There is 139 more days untill my season starts up... and 124 untill my goose season begins. Lets hear about your seasons guys


----------



## diver_sniper (Sep 6, 2004)

I was keeping track when it was still 200 some, I'm not even sure now, I'll just say too far.


----------



## GooseBusters12 (Jan 12, 2006)

I think its about 125 till early goose and 150 till the regular season opens :sniper:


----------



## WingedShooter7 (Oct 28, 2005)

to far man


----------



## USSapper (Sep 26, 2005)

514 and counting!!! :roll:


----------



## mallardrocker (Nov 29, 2006)

ahahahhaa


----------



## sugerfree (Feb 17, 2007)

171 days until the ducks start dropping


----------



## mallardrocker (Nov 29, 2006)

129 now :lol:


----------



## sasklab10 (Jun 21, 2006)

113


----------



## mallardrocker (Nov 29, 2006)

when does ur season start?


----------



## sasklab10 (Jun 21, 2006)

Sept.1 for everything, except in South game bird district it is Sept.10 for Specs.


----------



## mallardrocker (Nov 29, 2006)

sept 1 for ducks? wher do you live


----------



## h2ofwlr (Feb 6, 2004)

His location says SK.

Sept 1 for early Honkers in ND and MN. So 112 days 140 for ducks


----------



## mallardrocker (Nov 29, 2006)

nicceeee..... maybe i got less days than i think then


----------



## fungalsnowgoose (Sep 11, 2004)

Geez I'm still taking care of stuff from spring snow goose, don't pressure me.


----------



## mallardrocker (Nov 29, 2006)

ahah u dont liek to be pressured to go duck hunting... :beer:


----------



## fungalsnowgoose (Sep 11, 2004)

Your right I lied I'm ready to go :sniper:


----------



## LSSU-LAKER (Oct 11, 2005)

21 days!!!!! For me.

Argentina bound.


----------



## fungalsnowgoose (Sep 11, 2004)

You suck. I think I'm going next summer give us a report when you get back :beer:


----------



## LSSU-LAKER (Oct 11, 2005)

I may suck. But I am going! Good luck if you make it.
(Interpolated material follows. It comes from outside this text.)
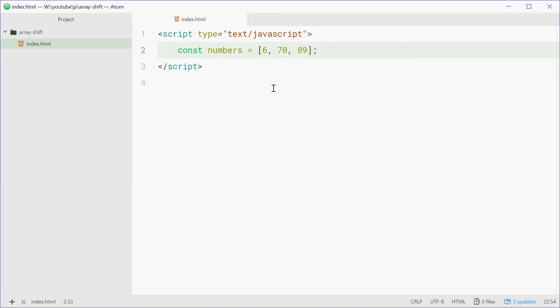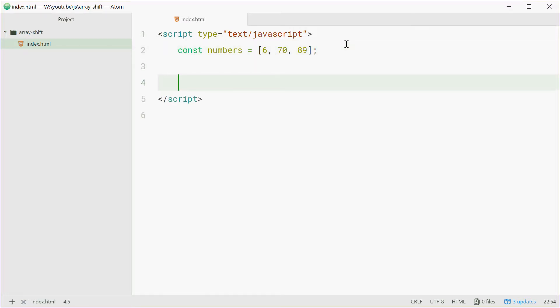Now we can remove the value 6 from this array using the shift method. So quite simply we can just say numbers dot shift.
Any ideas on which "outfitter" you may use?

I will for sure post pictures and results!!

JW


----------



## fungalsnowgoose (Sep 11, 2004)

Not sure I've had a couple of different invites so whover they're going with. I've been wanting to go forever next year is the year I'm making time, I don't care.


----------



## mallardrocker (Nov 29, 2006)

where you going?


----------



## dukegoose (Jul 17, 2006)

There is a liitle more then 100 days before early goose season kicks off.
What is everyone doing to get ready? I know I have to start cleaning decoys.


----------



## bandman (Feb 13, 2006)

dukegoose said:


> What is everyone doing to get ready?


Adding a long-distance; metal detecting homing device on the end of my shotgun barrel.
:sniper:


----------



## dukegoose (Jul 17, 2006)

Bandman thats great! I didn't know they came out with those this year. Do they make those for REM 1100? Are those made by FA or GHG?


----------



## sasklab10 (Jun 21, 2006)

Only 99 more days left.


----------



## goosebusters (Jan 12, 2006)

dukegoose said:


> I know I have to start cleaning decoys.


What are decoys? I know I have been scouting out the brushiest fence rows.


----------



## LSSU-LAKER (Oct 11, 2005)

SEVEN DAYS!!! :beer:

Its already hard to sleep, bags are 1/2 packed...


----------



## mallardrocker (Nov 29, 2006)

where u headed?


----------



## LSSU-LAKER (Oct 11, 2005)

Colonel Pringles, Argetnita....

Just outside of Bahia Blanca.


----------



## LSSU-LAKER (Oct 11, 2005)

ONE day!! :beer:

Sorry couldn't help myself. But in 24 hrs I am out of here!!!


----------



## mallardrocker (Nov 29, 2006)

dude i wish you the best of luck! bring back some pictures alright have a good one and shoot some birds


----------